Re: ToDo: show size of partitioned table - Mailing list pgsql-hackers
From | Pavel Stehule |
---|---|
Subject | Re: ToDo: show size of partitioned table |
Date | |
Msg-id | CAFj8pRBJetR9tk5cNGt5mLewxwB4gXK0dm7L41fxUqBJ58h2wg@mail.gmail.com Whole thread Raw |
In response to | Re: ToDo: show size of partitioned table (Michael Paquier <michael@paquier.xyz>) |
Responses |
Re: ToDo: show size of partitioned table
|
List | pgsql-hackers |
čt 22. 11. 2018 v 1:51 odesílatel Michael Paquier <michael@paquier.xyz> napsal:
On Wed, Nov 21, 2018 at 05:37:33PM +0100, Pavel Stehule wrote:
> st 21. 11. 2018 v 17:21 odesílatel Alvaro Herrera <alvherre@2ndquadrant.com>
> napsal:
>> Hmm, these tests are not going to work, because they have "pavel" in the
>> expected output.
>
> I was blind, thank you for check
+create table testtable_apple(logdate date);
+create table testtable_orange(logdate date);
+create index testtable_apple_index on testtable_apple(logdate);
+create index testtable_orange_index on testtable_orange(logdate);
There are already a bunch of partition relations with multiple levels
created as part of the regression tests, so instead of creating more of
those, I would suggest to test \dP and \dPt in create_table.sql, and
\dPi in indexing.sql (please make sure to add tests for \dP with
partitioned indexes as well).
I think that you should really add the direct parent of a partition in
at least the verbose output, now for multiple partition levels things
are confusing in my opinion. For example with such a schema:
CREATE TABLE parent_tab (id int) PARTITION BY RANGE (id);
CREATE INDEX parent_index ON parent_tab (id);
CREATE TABLE child_0_10 PARTITION OF parent_tab
FOR VALUES FROM (0) TO (10);
CREATE TABLE child_10_20 PARTITION OF parent_tab
FOR VALUES FROM (10) TO (20);
CREATE TABLE child_20_30 PARTITION OF parent_tab
FOR VALUES FROM (20) TO (30);
INSERT INTO parent_tab VALUES (generate_series(0,29));
CREATE TABLE child_30_40 PARTITION OF parent_tab
FOR VALUES FROM (30) TO (40)
PARTITION BY RANGE(id);
CREATE TABLE child_30_35 PARTITION OF child_30_40
FOR VALUES FROM (30) TO (35);
CREATE TABLE child_35_40 PARTITION OF child_30_40
FOR VALUES FROM (35) TO (40);
INSERT INTO parent_tab VALUES (generate_series(30,39));
Then with \dP+ I got that:
=# \dP+
List of partitioned relations
Schema | Name | Owner | Size | Description
--------+-------------+--------+--------+-------------
public | child_30_40 | ioltas | 48 kB |
public | parent_tab | ioltas | 120 kB |
(2 rows)
Showing the parent partition looks like a pretty important to me as I
would expect multi-level partitions to be a frequent case (perhaps it
should show up as well in the non-verbose output?). The field should be
NULL if the relation is the top of the tree.
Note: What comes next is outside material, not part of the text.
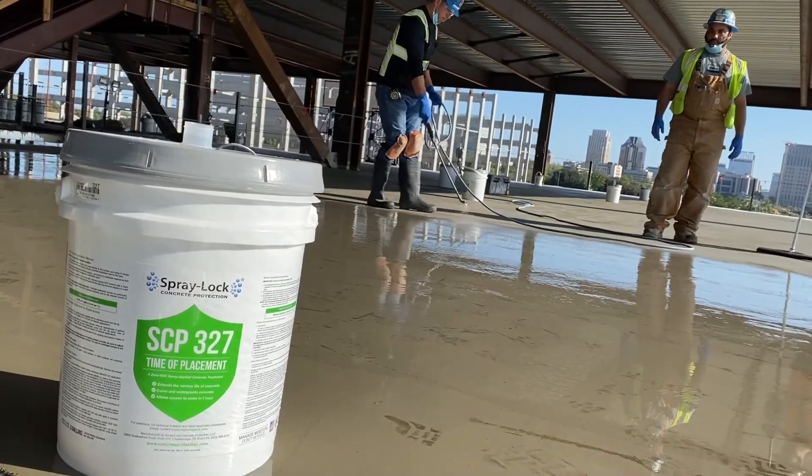Thank you to all our viewers for being interested in learning more about concrete. If we can help you in any way learn more about concrete, or if we can help you with a particular project, let us know. We love concrete, and we're happy to help any way we can.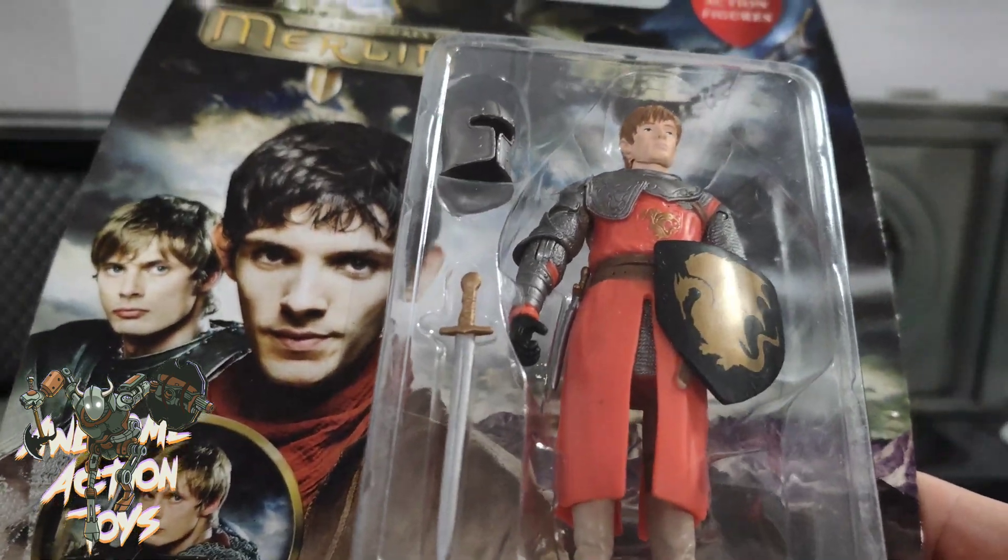That was a bit disappointing. Having said that, if you can find this quite cheap, it's worth getting a few — they do make good guards or background figures. The other bad thing is the shield is glued onto his hand with no handle, though you can make a handle. And the sword is like a joke rubber sword. These are meant to be display figures, but I'm really surprised — why give it a knee bend with no hip articulation?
it looks like bug for me much more.
your example - on my comp
List of relations
+--------+-------------+-------------------+-------+------------+-------------+
| Schema | Name | Type | Owner | Size | Description |
+--------+-------------+-------------------+-------+------------+-------------+
| public | child_0_10 | table | pavel | 8192 bytes | |
| public | child_10_20 | table | pavel | 8192 bytes | |
| public | child_20_30 | table | pavel | 8192 bytes | |
| public | child_30_35 | table | pavel | 8192 bytes | |
| public | child_30_40 | partitioned table | pavel | 0 bytes | |
| public | child_35_40 | table | pavel | 8192 bytes | |
| public | parent_tab | partitioned table | pavel | 0 bytes | |
+--------+-------------+-------------------+-------+------------+-------------+
(7 rows)
+--------+-------------+-------------------+-------+------------+-------------+
| Schema | Name | Type | Owner | Size | Description |
+--------+-------------+-------------------+-------+------------+-------------+
| public | child_0_10 | table | pavel | 8192 bytes | |
| public | child_10_20 | table | pavel | 8192 bytes | |
| public | child_20_30 | table | pavel | 8192 bytes | |
| public | child_30_35 | table | pavel | 8192 bytes | |
| public | child_30_40 | partitioned table | pavel | 0 bytes | |
| public | child_35_40 | table | pavel | 8192 bytes | |
| public | parent_tab | partitioned table | pavel | 0 bytes | |
+--------+-------------+-------------------+-------+------------+-------------+
(7 rows)
there is about 5x 8KB data .. 40KB
But in views I got
List of partitioned tables
+--------+-------------+-------+-------+-------------+
| Schema | Name | Owner | Size | Description |
+--------+-------------+-------+-------+-------------+
| public | child_30_40 | pavel | 16 kB | |
| public | parent_tab | pavel | 40 kB | |
+--------+-------------+-------+-------+-------------+
(2 rows)
+--------+-------------+-------+-------+-------------+
| Schema | Name | Owner | Size | Description |
+--------+-------------+-------+-------+-------------+
| public | child_30_40 | pavel | 16 kB | |
| public | parent_tab | pavel | 40 kB | |
+--------+-------------+-------+-------+-------------+
(2 rows)
there is 16KB more, what is really messy.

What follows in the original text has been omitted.